Harry,
MY points are inadequate? You don't seem to grasp that the burden of
proof rests with YOU, Harry. I'm glad you concede that desires are
not necessarily for commodities, in which case those desires are
external to any study of political economy. Remember this is
POLITICAL economy you're talking about. Not political in the sense of
parties or elections but in the sense of the Polis, the city or
public sphere.
But look, I'm not really interested in arguing these assumptions with
you. My original point was about the difference between the use of
assumptions such as these as analytical tools and their rote
recitation as articles of faith. You seem to be arguing that they
must be accepted as articles of faith rather than as tools of
analysis. What I'm saying is that even though your two assumptions
may be useful as analytical assumptions, they cease to be scientific
when they are merely asserted as dogmatic Truth. You seem not to care
that people who are equally insistent as you on the absolute Truth of
the two assertions come to diametrically opposed positions.
Trust me, Harry, characters like John Rae who devoted a lot of energy
to dismissing and even libeling Henry George would have no trouble
embracing your two eternal Truths. So who's your daddy? Henry George
or John Rae?
Tom
On Sat, Jan 8, 2011 at 3:26 PM, Harry Pollard
<[email protected] <mailto:[email protected]>> wrote:
Sorry about that, Sandwichman, but your points are inadequate.

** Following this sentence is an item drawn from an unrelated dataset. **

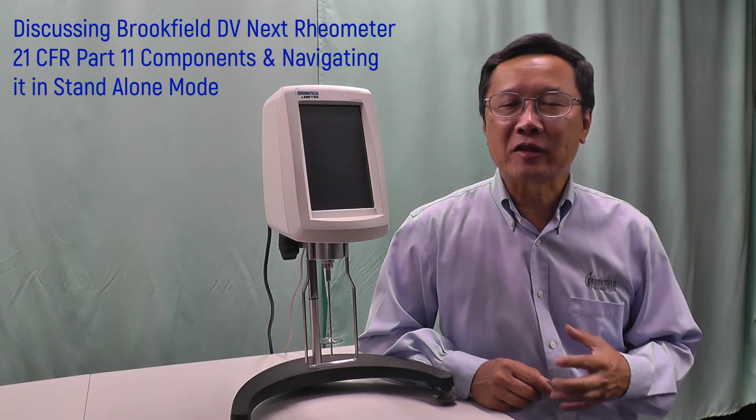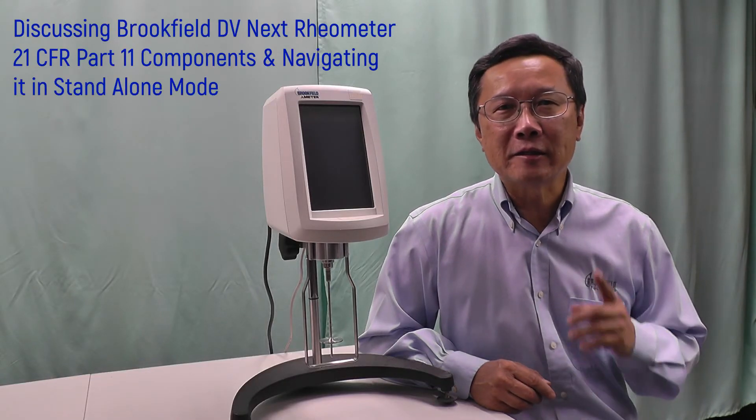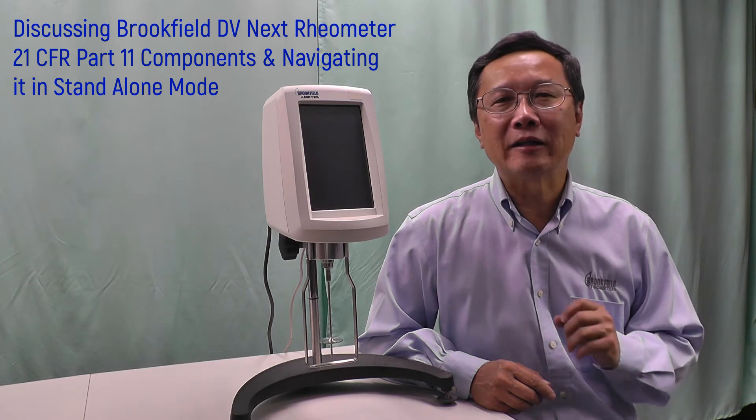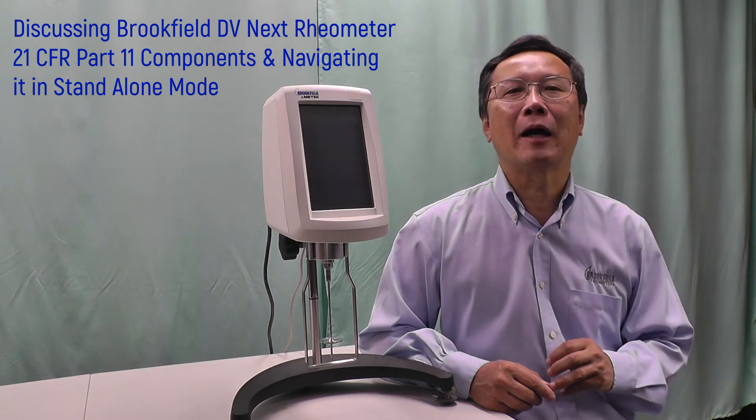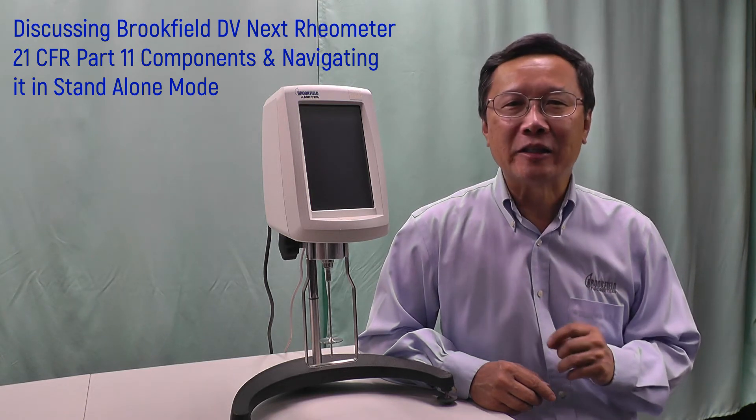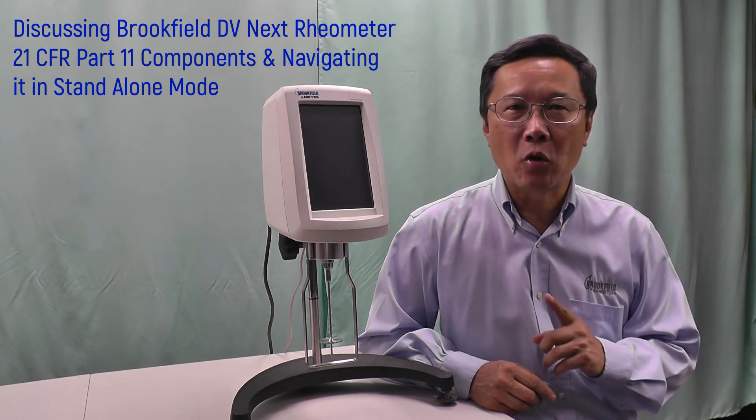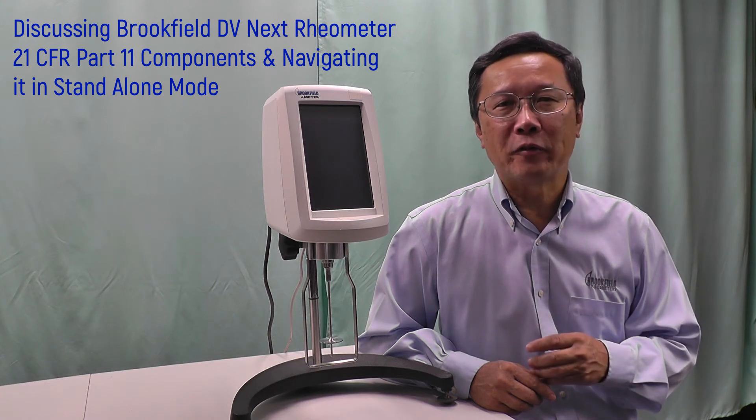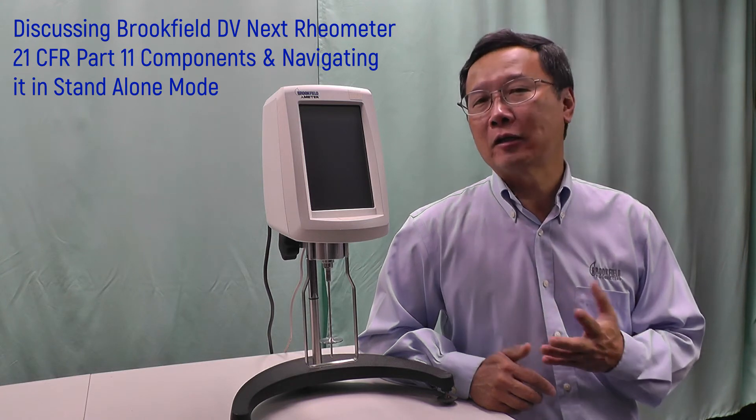The Brookfield DVNEX Viscometer is 21 CFR Part 11 compliant, which can be used either in external mode with RheoCal-T software or in standalone mode. In this video, I will discuss the 21 CFR Part 11 compliance components available in DVNEX Viscometer running in standalone mode.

The Science of Political Economy is the study of the Nature,
Production and Distribution of Wealth.
Dead people don't produce anything so they are not part of the
study. I strongly suspect that they also don't much desire.
You suggest that unlimited desires implies the exchange of
commodities. Yet, there is no such implication. There is no
restriction on desires. In fact, the only desire we can be pretty
sure applies to every one is the desire for survival. That surely
comes first or you might become a corpse -- which is outside our
study.
Of course people commit suicide which is their desire at the
time, but when the succeed they are no longer part of our study.
So, you might desire to be loved, or you might want to go for a
walk in the park. Very desirable things, but if you want to
survive not the first things you think of. It is likely you
provide yourself with a hierarchy of desire, with the most
wanted, obtainable with the least exertion, at the top.
I suppose at the top are food, clothing, and shelter.
However, if you have a science that deals with dead people -- OK.
My science deals with the living.
With regard to least exertion, IRON MAN is a good example. The
one who wins -- or even completes the harrowing test is the one
who best conserves his exertion.
A friend of mine doing an Iron Man, was confronted by heavy
currents and even after several tries couldn't complete the first
leg, whereupon he was too exhausted to do much else. If he could
have minimized his exertion in the sea, he would have sprung on
to his bike and zoomed away. Athletes are well aware of the need
to conserve exertion.
You are in good company. I had a knockdown, drag out,
confrontation with Friedrich von Hayek on this very point.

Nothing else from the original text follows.